Police are empowered to use wide discretion about whom they investigate, whom they harass under the guise of purported voluntary encounters, whom they stop for asserted reasonable articulable suspicion for crime afoot,  whom they arrest, what crimes they charge arrestees for, and what kinds of breaks, if any, they recommend to the prosecution in a defendant’s case. With such broad discretion and power come the increased risk of excessively racist policing and prosecuting — because the universe of police and prosecutors is not immune from the excessively rampant racism still found in society at large — and the increased risk of smugness, heartlessness, and even tyranny by police and and prosecutors.

Put power in anyone’s hands, and that power is ripe for abuse. Put power in the hands of police and soldiers, and the risk of abuse is enhanced by their not answering to sufficient democratic checks and controls on their power.

Good police and good prosecutors exist. We need their example to shine on their colleagues. However, what is an otherwise good police officer or good prosecutor to do if their superiors are not good? Do the good police and good prosecutors stay good under such circumstances, or even stay with their departments? Or do they turn a blind eye to — and even help cover up for and assist — their colleagues’ misdeeds, now making them no longer good? Do they stand up against their colleagues’ and superiors’ misdeeds even if that risks their being fired, and losing their income as a result? Do they work to reform their departments and profession to bring them closer in line with a free and democratic society?

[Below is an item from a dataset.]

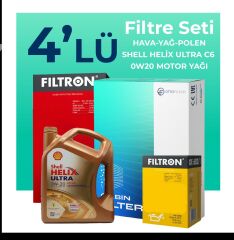 Filtron Volvo XC40 1.5 Benzin Filtre Bakım Seti Shell Motor Yağlı (2018-2023) 4 Lü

Light a fire in a dry forest, and you will not be able to control the fire. Put a deficient brain in a Frankenstein monster, and the monster is out of control. Create the culture of policing that has existed for too many decades in the United States, and few politicians will have the backbone to invest the large expenditures, time, staffing shakeups (with resultant wrongful firing and other employment lawsuits), and sweat to overhaul the policing and criminal justice system to do justice to the nation’s best ideals of democracy, open government, and civil liberties, starting with shrinking the overgrown criminal justice system by legalizing marijuana, prostitution, and gambling; heavily decriminalizing all other drugs; eliminating mandatory minimum jail and prison sentencing; eliminating the death penalty; and eliminating per se guilty rules in DWI cases.

Until such an overhaul takes place, we will have too many police who unquestioningly and militaristically pursue and enforce rules like unrestrained Pavlov’s dogs.

With a criminal justice and policing system as upside down as it is, I am all the more honored to be fighting for my criminal defense clients, no matter how uneven the playing field can get, and be reversed.